What are Liquidated Damages?
The first thing to understand about liquidated damages provisions is what exactly they are. Liquidated damages provisions are contract clauses that seek to avoid the difficult task of proving loss due to a failure by a contracting party to adhere to specific performance conditions. In the context of a construction contract, liquidated damages clauses typically specify a daily sum that a contractor will be charged for each day the project is delayed past the project completion date and any extension. In some—rare—cases, these provisions can be reciprocal. 1
New York Law on Liquidated Damages
There are some limitations on the use and validity of liquidated damages clauses, specifically, in New York, liquidated damages clauses are enforceable so long as they are not attempts to penalize a party. To ensure that the liquidated damages clause is enforceable, the liquidated damages amount must bear a reasonable relationship to the amount of damages that may be sustained. If there is no reasonable relationship between the actual damages sustained and the liquidated damages amount, the liquidated damage amount is considered a penalty and is unenforceable. Additionally, to ensure that a liquidated damage clause is sustainable, the actual damages must be difficult to determine, and the assessed liquidated damages amount must not be disproportionate to the possible loss.
How Can Liquidated Damages Hurt a Contractor?
From the simple definition above, liquidated damages provisions can be daunting, as most contractors are aware that delays are commonplace on most construction projects. In many cases, liquidated damages provisions can be harmful where a contractor faces significant delays.
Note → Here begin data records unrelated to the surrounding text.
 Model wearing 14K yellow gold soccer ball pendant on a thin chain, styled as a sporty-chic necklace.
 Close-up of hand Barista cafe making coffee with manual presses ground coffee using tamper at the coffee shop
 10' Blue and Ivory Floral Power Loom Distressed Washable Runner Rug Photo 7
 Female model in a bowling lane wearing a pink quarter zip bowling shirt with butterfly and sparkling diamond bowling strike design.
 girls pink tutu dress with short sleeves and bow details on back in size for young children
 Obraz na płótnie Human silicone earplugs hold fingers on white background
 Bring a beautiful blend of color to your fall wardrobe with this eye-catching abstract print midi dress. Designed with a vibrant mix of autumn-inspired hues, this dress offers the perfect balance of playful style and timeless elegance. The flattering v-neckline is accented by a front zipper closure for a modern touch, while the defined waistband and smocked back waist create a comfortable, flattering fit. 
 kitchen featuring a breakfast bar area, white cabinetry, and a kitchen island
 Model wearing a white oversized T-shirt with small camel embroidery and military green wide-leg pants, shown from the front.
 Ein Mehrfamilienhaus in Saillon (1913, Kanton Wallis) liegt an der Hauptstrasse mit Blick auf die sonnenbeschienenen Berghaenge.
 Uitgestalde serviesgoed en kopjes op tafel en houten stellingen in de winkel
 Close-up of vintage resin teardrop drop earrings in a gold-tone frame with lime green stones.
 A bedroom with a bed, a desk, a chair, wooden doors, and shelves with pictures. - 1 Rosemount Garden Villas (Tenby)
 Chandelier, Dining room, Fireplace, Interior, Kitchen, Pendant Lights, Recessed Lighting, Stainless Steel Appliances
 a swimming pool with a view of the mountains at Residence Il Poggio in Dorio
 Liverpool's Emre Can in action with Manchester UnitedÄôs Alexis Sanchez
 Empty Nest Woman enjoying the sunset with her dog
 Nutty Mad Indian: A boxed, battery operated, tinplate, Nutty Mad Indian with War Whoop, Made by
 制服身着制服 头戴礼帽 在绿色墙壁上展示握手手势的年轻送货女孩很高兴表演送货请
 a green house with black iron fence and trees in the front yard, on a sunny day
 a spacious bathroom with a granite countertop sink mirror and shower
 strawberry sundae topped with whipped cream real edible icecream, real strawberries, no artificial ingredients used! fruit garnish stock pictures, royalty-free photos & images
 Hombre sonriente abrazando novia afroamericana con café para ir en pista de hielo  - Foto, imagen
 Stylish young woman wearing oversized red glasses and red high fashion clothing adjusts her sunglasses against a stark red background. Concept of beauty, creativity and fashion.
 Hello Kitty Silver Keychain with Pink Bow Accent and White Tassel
Typically, liquidated damages are assessed against the contractor where they are delayed from achieving substantial or final completion by a specified date. However, in many instances, delays suffered by a contractor on a project can be the result of delays that may be outside of a contractor’s control, such as delays faced by downstream material suppliers. Even if that is the case, a contractor may still be required to pay liquidated damages to the upstream owner.
How Can Liquidated Damages Help a Contractor?
Based on the above, liquidated damages seem detrimental to the parties that include them as provisions in their contract. This may be true on the surface but, liquidated damages clauses can provide significant benefits to contractors.
Aside from the obvious—but rare—examples where liquidated damages clauses are reciprocal, there is another latent benefit of liquidated damages clauses that benefit contractors. Namely, liquidated damages clauses will not be enforced where its enforcement would be unjust or unconscionable. Normally, where the owner is responsible for a portion of the delay the proper remedy is an extension of the project completion time. These time extensions serve to delay the project completion deadline and stall the accrual of liquidated damages.
In addition, a liquidated damages clause provides an easily identifiable number for both parties to understand the risk of failing to complete the project within the required timeline. Viewed from another angle, a contractor who has an upstream liquidated damages clause can foresee the costs of project delays and can mitigate that risk throughout the course of the project. Additionally, the parties who include a liquidated damages provision in their contract can avoid the time and costs associated with calculating actual damages after the project is completed.
Liquidated damages clauses can be both a benefit and a detriment to contractors who have those provisions included in their contracts. Consult with a construction law attorney before taking action, which may be detrimental.
1 Where the contractor pays the owner liquidated damages for each day that a project is delayed and the owner pays
the contractor a bonus for each day that the project is completed prior to the specified completion date.